Micah’s arm burst into flames, and he screamed.
Dailen tackled him to the ground, quickly smothering the flames with a wet blanket he had readied for this possibility. The one-room, half-buried hovel filled with the stench of burning flesh and smoke. Dailen grabbed what looked like a kid’s wooden pinwheel off the wall and began spinning it with his finger. As the momentum of the toy took over, he muttered some words under his breath while raising his hand to the ceiling in a circular motion. The smell and smoke gathered like a dark spirit twisting and swirling, obediently passing through an opening that momentarily appeared in the slatted roof near the stove pipe. As the opening in the ceiling closed with one final gesture from Dailen, he let out a sigh and sat down on the floor near the boy who lay on the floor, whimpering.
Dailen gently chided him, “How many times do I have to tell you that if you force it, it will destroy you?”
Micah rolled onto his side, instinctively trying to use his injured arm, sending a shock wave of pain through his body. A scream half-drowned in tears tore from his lips. Dailen started, lunging forward, covering the boy’s mouth as gently as he could, “You did this to yourself, don’t get me chased out of the village because you can’t dance with the power. Remember, your sister asked me to help you, and you both promised not to draw attention to the fact that I practice.” He released Micah’s mouth, moving to the edge of a small table that disappeared into a dirt wall, there he rummaged around until he found a salve.
Returning, Dailen began slowly smoothing the salve over the burns, “You need to understand Micah, magic isn’t fire or electricity or ice. It is something existential, an ebb and flow. It isn’t something with form or shape; it is everything and nothing. While you can sometimes push it to bend to you, it will punish you for trying should you fail. You must find its rhythm, feel its flow, coax it, seduce it to aid you. You have kept trying to demand that it obey you.” Dailen continued to lecture as Micah’s eyes closed.
Dailen watched Micah’s breathing steady as he slipped into unconsciousness. Allowing a deep sigh to escape his lungs to funnel the frustration out of himself as he did the smoke and smell earlier, Dailen rose to sift through his bedding, finally finding a dry blanket to replace the wet one on Micah. Moving to his padded bedding to rest his own mind Dailen pondered the possibility of discovery. Ultimately, he shrugged internally embracing the thought; we are all taken eventually, why should I be any different. As he recounted all those he had known, now lost to the darkness, he too slipped off into a deeper rest.

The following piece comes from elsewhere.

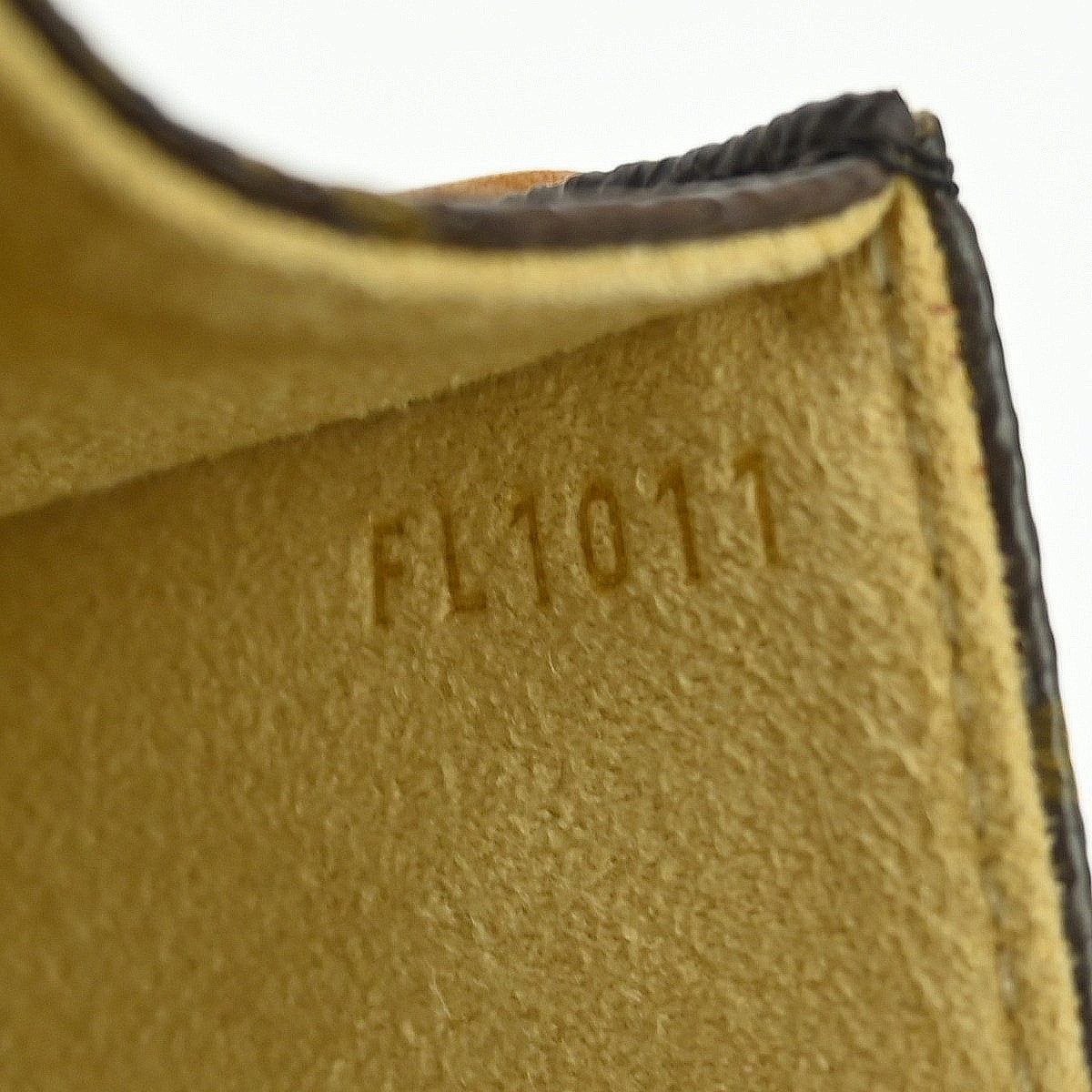 Louis Vuitton Florentine Canvas Brown Canvas Clutche & Pouche Bag (Pre-Owned)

Dailen awoke to find Micah sitting on the floor of the hovel facing the stove, a flame burning in the palm of his hand. The boy looked up at him, face expressionless except his eyes that always conveyed sadness. Dailen rose from his bed and walked around the boy, watching him closely.
“How did you…?” Then Dailen’s eyes fell on the boy’s arm. Where fresh burn scars should be forming were dark crystalline lines faintly glowing as they traced the cracks of his previously broken skin. Dailen sensed as though from the corner of his eye, he could see a hint of the sigils much like the artwork of their tribe, but when he looked directly, he saw the light of the blue lines softly pulsing.

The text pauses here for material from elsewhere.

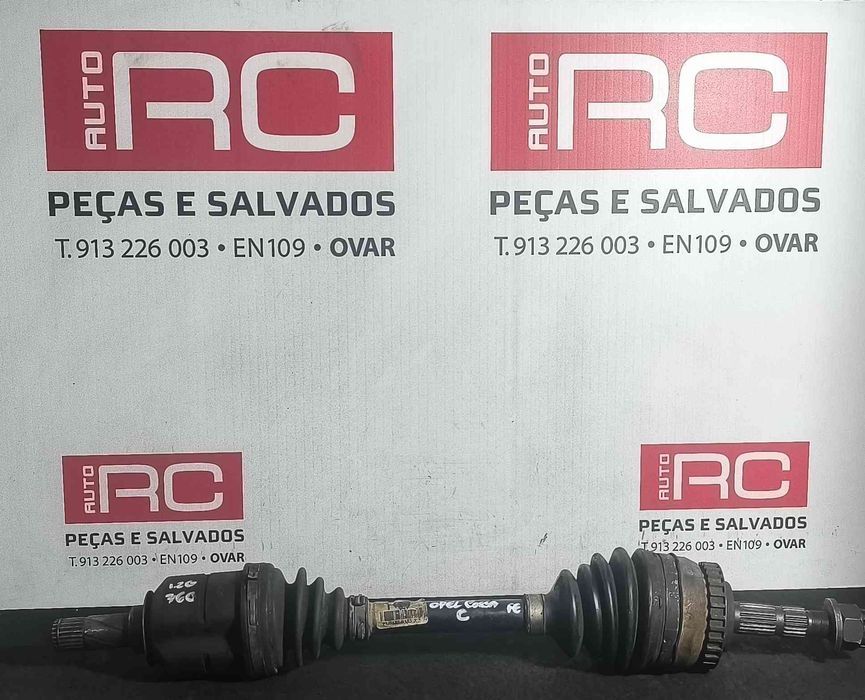 Transmissão Frente Esquerda OPEL CORSA C (X01) ano 2005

Before Dailen could say another word, Micah was speaking, slowly and carefully, “You kept telling me to make trinkets that represented my magic, telling me about the witch who used plants and beast parts to cast her spells. You kept telling me I needed to coax the magic, not bend it to my will. But you were wrong.”
Micah closed his hand and snuffed out the flame. He climbed to his feet and stared at Dailen, who stood shocked and silent. “The difference between you and me Dailen is that you don’t own magic because you use tools, and you beg it to help you. I can’t be like you, part of me wishes I could… but it calls to me is so loud I must control it, or I feel like it will fully consume me.” Micah moved to the door, putting his hand on the ring that acted as the door handle. “I am not like you. It wants my arm and hand, fine, it can take them, but it will serve me.”
Without another word, Micah walked out of the hovel. Dailen stood silently for a moment, thinking of the mark now branded on Micah’s arm and then sighed, “Good luck Micah, you’ll need it.”